The most difficult part of PACS go-live support is setting the clinician’s expectations about who will support them. You want to do this as early in the implementation as possible by starting a discussion with your organization’s medical directors when you organize the rollout. Posting support information near workstations and printers is also helpful. Request that medical directors discuss the support process in their department meetings. Repeat your message as much as you can because if it is not clear to everyone, they will call the person they know. That person is most likely the person who was in the department during their go-live and is now preparing for the next department. Finally, the most effective communication tool you have is the PACS staff; they are elbow-to-elbow with clinicians and office staff during the go-live. Sometime in the process the department staff will ask them, “What do we do when you are gone?” The PACS staff must convey a unified message when this happens.

Here is a scenario for supporting the PACS:

1. Department “experts”: They are part of your department and may have received extra training before the go-live and participated in application testing. They are the first line of support and can answer most questions, as they are most familiar with the departments’ clinical workflows and business processes.

2. The IT help desk: If the “expert” can’t answer the question it is possible the issue is not related to the PACS. The IT help desk may not be familiar with the PACS … yet … but can triage the issue. If they can handle it they will. 

3. PACS analysts: If the help desk determines it is not a general IT issue and it is a PACS issue, they escalate to the on-call PACS analyst. The PACS analyst whose turn it is to resolve support issues will return the customer’s call and solve the issue.

4. PACS software vendor: Many issues are beyond an analyst’s experience, especially when the PACS application is new. Use your support agreement to its fullest potential. 

The department staff should only have direct contact with two of the four levels of support when starting the support process; staff “experts” and the IT help desk. If the help desk escalates an issue to a PACS analyst it becomes the PACS analyst’s responsibility to contact the customer. Only a PACS analyst can contact the software vendor.

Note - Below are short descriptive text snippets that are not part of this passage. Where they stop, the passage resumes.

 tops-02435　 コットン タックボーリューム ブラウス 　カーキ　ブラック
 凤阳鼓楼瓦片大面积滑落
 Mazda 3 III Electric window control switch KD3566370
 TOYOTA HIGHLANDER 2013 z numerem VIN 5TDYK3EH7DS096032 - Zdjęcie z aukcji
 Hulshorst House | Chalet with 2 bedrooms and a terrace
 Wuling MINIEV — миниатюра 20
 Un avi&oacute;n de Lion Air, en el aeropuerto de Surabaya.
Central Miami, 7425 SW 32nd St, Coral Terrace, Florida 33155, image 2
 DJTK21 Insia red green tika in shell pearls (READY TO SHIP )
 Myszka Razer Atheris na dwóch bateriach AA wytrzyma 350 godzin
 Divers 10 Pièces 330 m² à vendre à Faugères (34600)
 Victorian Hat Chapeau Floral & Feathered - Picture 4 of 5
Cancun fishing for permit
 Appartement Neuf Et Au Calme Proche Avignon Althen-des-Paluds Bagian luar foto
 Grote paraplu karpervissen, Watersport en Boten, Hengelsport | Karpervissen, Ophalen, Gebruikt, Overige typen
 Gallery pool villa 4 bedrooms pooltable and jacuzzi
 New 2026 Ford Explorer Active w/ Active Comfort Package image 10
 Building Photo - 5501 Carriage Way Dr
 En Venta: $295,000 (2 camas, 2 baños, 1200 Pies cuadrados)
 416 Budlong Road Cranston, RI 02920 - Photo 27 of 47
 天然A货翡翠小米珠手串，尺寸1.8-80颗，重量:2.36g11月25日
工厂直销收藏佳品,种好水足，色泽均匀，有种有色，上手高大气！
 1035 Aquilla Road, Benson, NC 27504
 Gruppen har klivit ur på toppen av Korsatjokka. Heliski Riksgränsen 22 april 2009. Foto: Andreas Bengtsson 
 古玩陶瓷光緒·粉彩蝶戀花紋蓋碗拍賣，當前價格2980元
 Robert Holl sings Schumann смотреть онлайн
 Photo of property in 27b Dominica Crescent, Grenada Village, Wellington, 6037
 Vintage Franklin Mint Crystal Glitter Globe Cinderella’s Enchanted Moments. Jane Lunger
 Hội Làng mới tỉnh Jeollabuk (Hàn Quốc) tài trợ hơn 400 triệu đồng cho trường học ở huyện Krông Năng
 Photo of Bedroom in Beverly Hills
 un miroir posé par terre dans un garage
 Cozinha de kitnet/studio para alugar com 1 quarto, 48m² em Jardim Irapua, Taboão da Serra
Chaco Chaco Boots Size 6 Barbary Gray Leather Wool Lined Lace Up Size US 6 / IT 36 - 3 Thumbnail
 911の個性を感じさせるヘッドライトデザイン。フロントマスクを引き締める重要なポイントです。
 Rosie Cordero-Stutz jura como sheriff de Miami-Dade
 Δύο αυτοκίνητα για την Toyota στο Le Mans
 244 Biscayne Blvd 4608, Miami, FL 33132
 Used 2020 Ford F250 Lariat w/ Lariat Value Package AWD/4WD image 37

This escalation process is most important when rolling out the application to one department after another. When one department is complete the PACS analysts are working on the next in line and will be slowed down answering “how to” questions and dealing with general IT issues. Use your “experts” and the help desk so the analysts can keep moving.

After the rollout of the PACS is complete, this model is still effective, but you may add another support contact — department liaisons. A department liaison is a PACS analyst who is responsible for knowing a specific department or departments’ PACS workflows. If your project management team approves a project for their department they own it. The liaison will attend their department’s meetings, work with its leaders and give ad-hoc training. The liaison is your ears and eyes where the application is used. The liaison reports to you about their departments’ satisfaction or dissatisfaction before you hear of it via official channels. This allows for proactive, not reactive, action.

Whatever support plan you use, be sure and let all concerned know about it early in the process. It will eliminate at least one support question, “Who do we call?” Having this support plan in place will undoubtedly make for a smoother transition.  itn

Mark Rowe is a senior PACS consultant for MedSys Group.